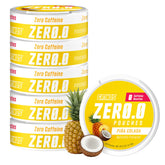 GRINDS lata Piña Colada frontal mostrando diseño y 18 sobres, práctico para llevar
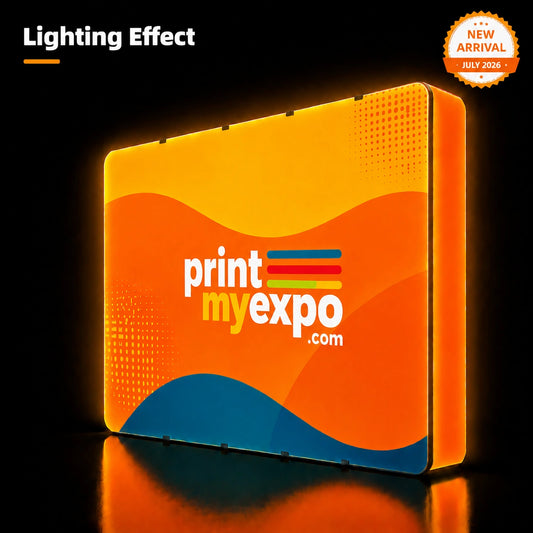 Custom 3D Straight Backdrop with round corners for trade show displays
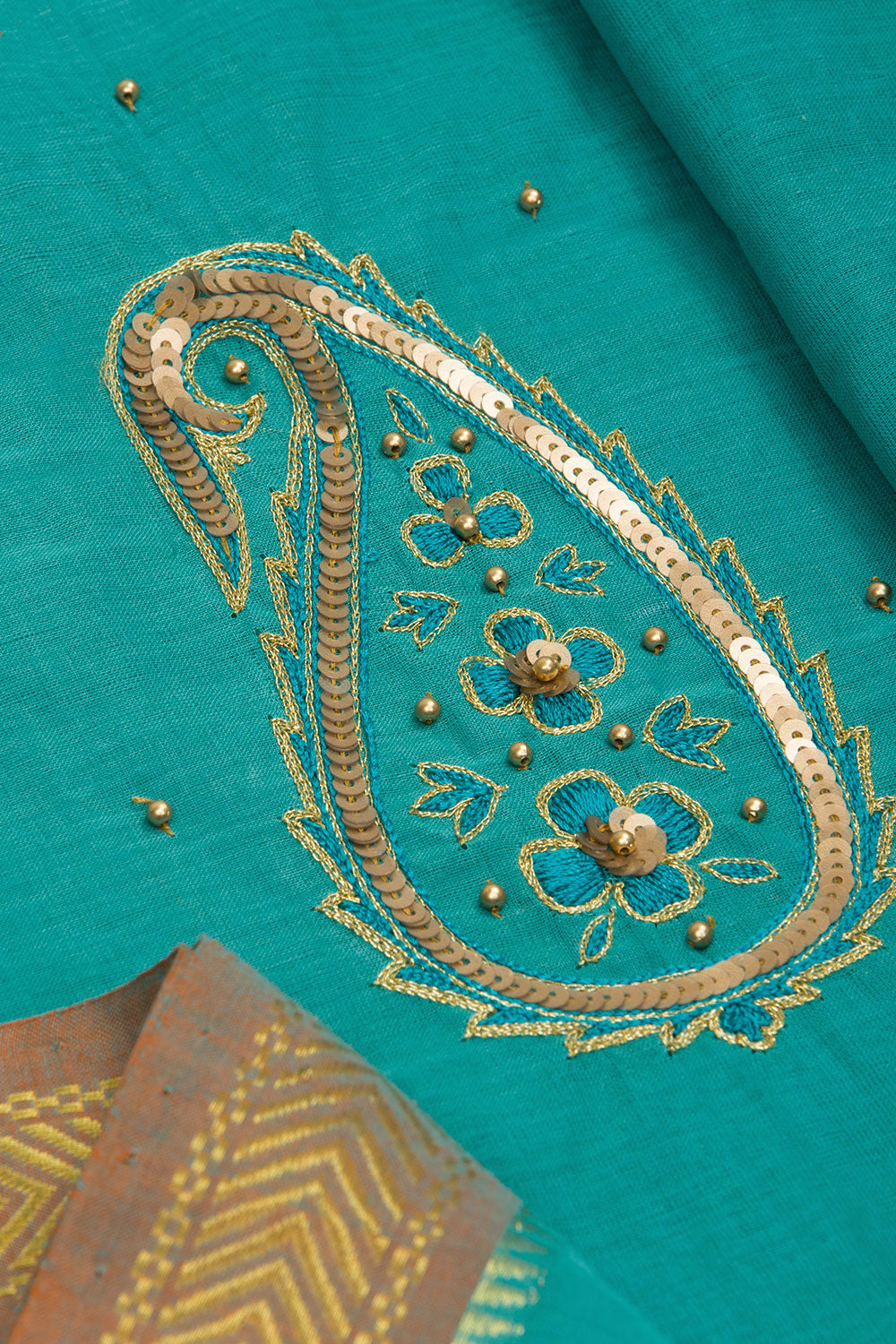 Teal Blue Aari Embroidered Mangalgiri Cotton Blouse Material 10062417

* **EXERCISE OBJECTIVE**
Each line from the one that holds "Custom 3D Straight" through the final line of the data must be retyped exactly; the pictures must not appear.

* **SOLUTION TO THIS TASK**
 Custom 3D Straight Backdrop with round corners for trade show displays
 Teal Blue Aari Embroidered Mangalgiri Cotton Blouse Material 10062417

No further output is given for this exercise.